Exercise objective ::
Nothing but the lines below between the line holding "The Weldon Hotel image" and the line holding "Elegance, Privacy &", inclusive, should appear in the answer, each set down exactly.

Source information ::
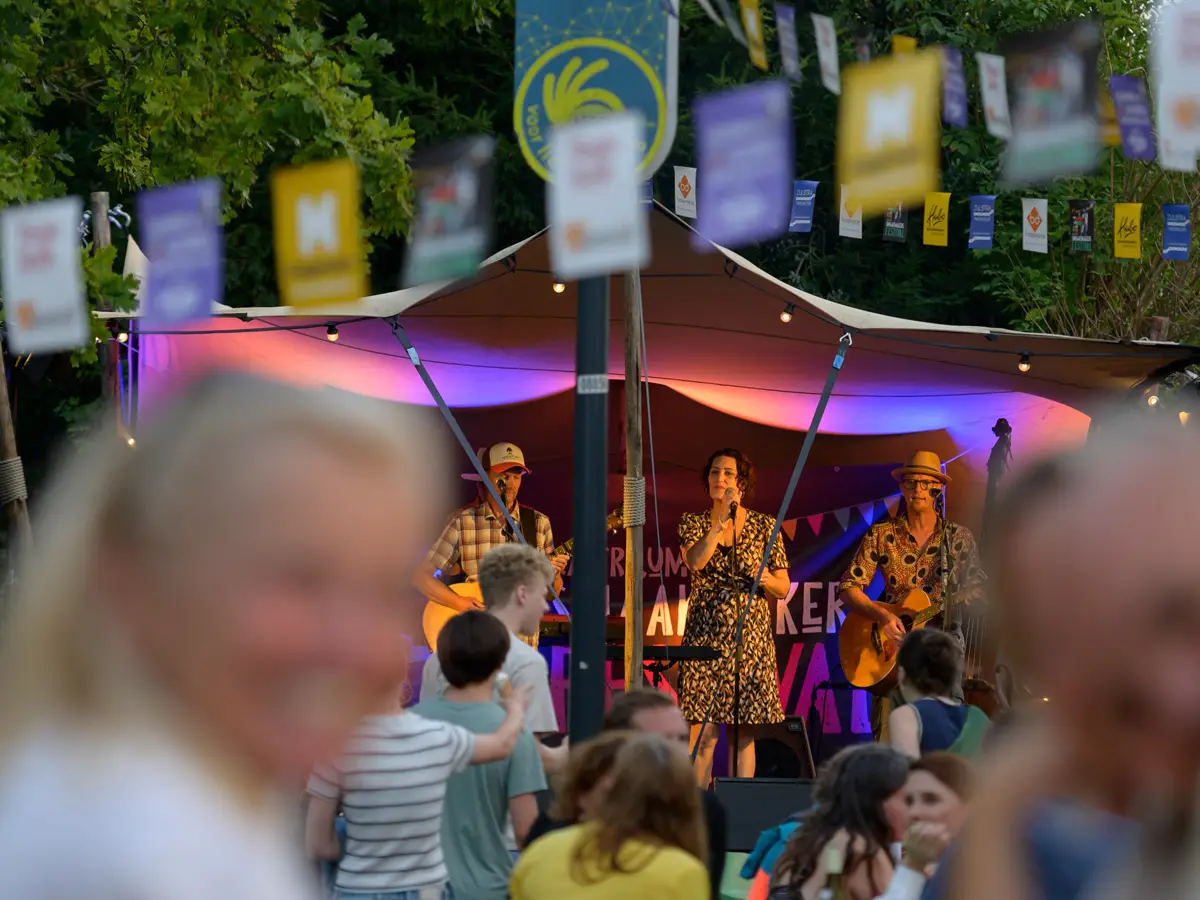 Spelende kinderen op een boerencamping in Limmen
--
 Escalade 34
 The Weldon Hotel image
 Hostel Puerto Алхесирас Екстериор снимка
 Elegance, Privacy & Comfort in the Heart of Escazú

Solution to the exercise ::
 The Weldon Hotel image
 Hostel Puerto Алхесирас Екстериор снимка
 Elegance, Privacy & Comfort in the Heart of Escazú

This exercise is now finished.